Standard Landauer bit erasure with no energy wall

This costs $kT\log 2$ in theory if we do it so slowly that the distribution of particle position always matches the Boltzmann distribution. In practice it's a little bit more energy, but still quite close. Energy cost: ~$0.79kT$ Time cost: ~$139\tau$

Double well from Landauer's paper

Here we can see a much higher energy cost of ~$20kT$. But at least there's an energy wall to conserve our bit from being corrupted by noise.

Moving the particle between states.

As a warmup to being able to erase a bit reliably (starting from an initial state with an energy wall), we first calculate the cost to move a particle from one state to another (the destination state starts out with high energy so that its chances of containing the particle are initially almost 0). This should be completely free in the limit of infinite time, but has a (quite cheap) cost of ~$0.15kT$ for this particular case. Time cost: ~$374\tau$

From the graph, you can see that we first generate some energy lowering the destination state, then spend it back on lifting the starting state to force the particle into the destination state. This is not perfectly efficient, so there's still a small net energy cost.

Cheap reliable erasure for about $kT$ energy cost

There's four states now, connected in a row with two states in the middle and a state on each end. The two middle states start out being very high energy to form an energy wall just like we had for Landauer's double well. The outer two states are what we use to represent the bit. So we're starting out from a bit representation that's very reliable and could absolutely be used for computation.

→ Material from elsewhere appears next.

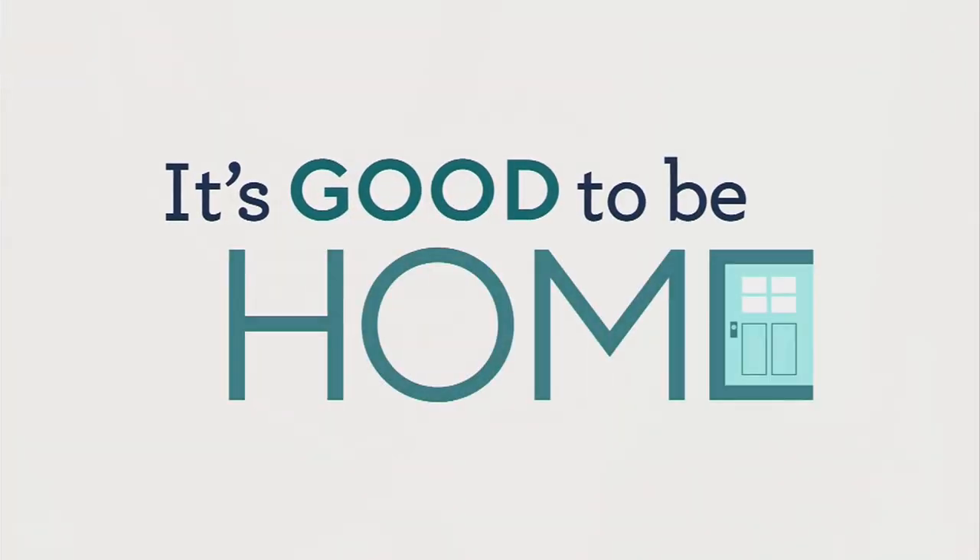I have no idea how to have a good segue into this next segment, so I'm just going for it. Sorry Justin — we're talking about bras.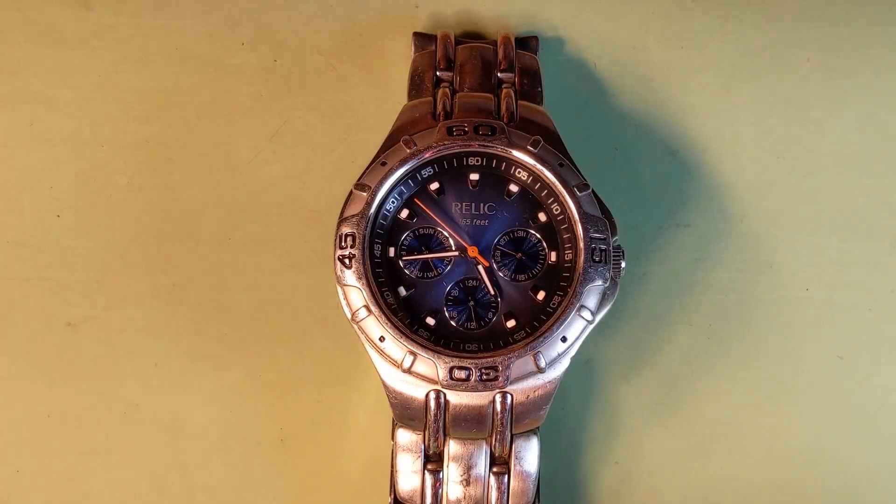Hello. This video will be about fixing this watch. This is a relic, with three hands and three sub-dials. It has different functions like 24-hour time format, date, and day. But the problem is that this watch doesn't work — it doesn't tick.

The first stage of erasure is to move the particle from the outer two states to the inner two states following the "moving particle between states" procedure described above. Because of the symmetry, there's no dissipation caused when the particle jumps between the middle two states. After this operation, there's no longer an energy wall, and the particle is hanging out in the two middle states. The second stage of erasure is that we just perform a standard cheap Landauer erasure (the first case we looked at).

Energy cost: ~$0.81kT$. Time cost: ~$1200\tau$

Isn't this really time-expensive?

I mean, not that much. It would be bad if time required went as the inverse of error probability, so we'd expect to need $O\left({10}^{15}\right)$ time. In that case, we really could say that reliable bit erasure takes infinite time in the limit. Instead we're getting something much more reasonable, seems like maybe $O\left(\log \right({10}^{15}\left)\right)$ (this is my sense just from a bit of messing around).

Q: The constant factor is pretty bad, though, isn't it? Since we dealing with hundreds of $\tau$?

A1: First of all, I made the energies simple piecewise linear functions of time for ease of programming, but this is definitely not the most optimal thing to do. You want to move energies more slowly when those energies are very close to each other, and more quickly when they're very different. I bet the improvement could be pretty significant if we actually controlled the energies optimally.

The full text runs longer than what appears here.